REQUIRED WORK. Without copying any picture, return all lines below exactly.

SUPPLIED MATERIAL.
"""
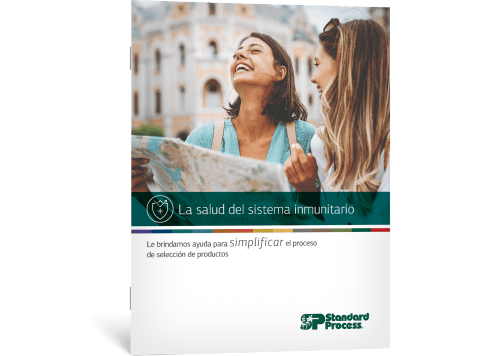 Simplify Product Selection Guide: Immune Health - HCP Handout - Spanish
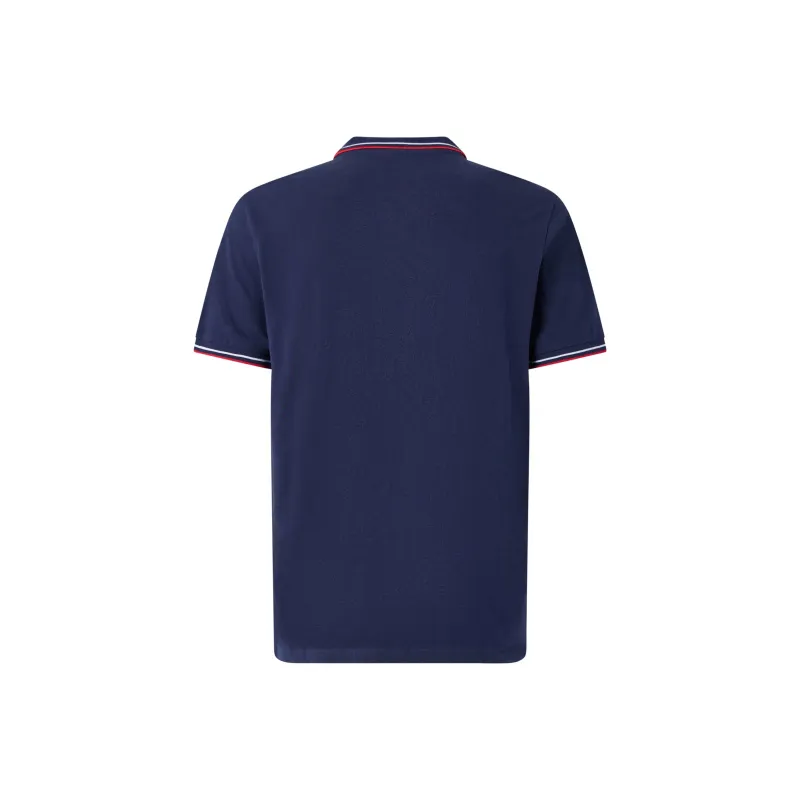 Kappa Polo Shirt Men's Marine Blue-1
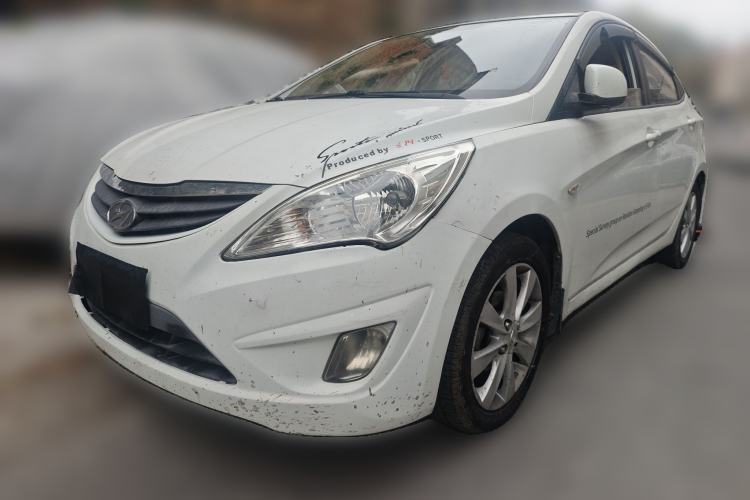 Used Hyundai Verna (older generation) 2010 Sedan 1.4L Manual Comfort GS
"""
RESULT FOR THIS TASK.
 Simplify Product Selection Guide: Immune Health - HCP Handout - Spanish
 Kappa Polo Shirt Men's Marine Blue-1
 Used Hyundai Verna (older generation) 2010 Sedan 1.4L Manual Comfort GS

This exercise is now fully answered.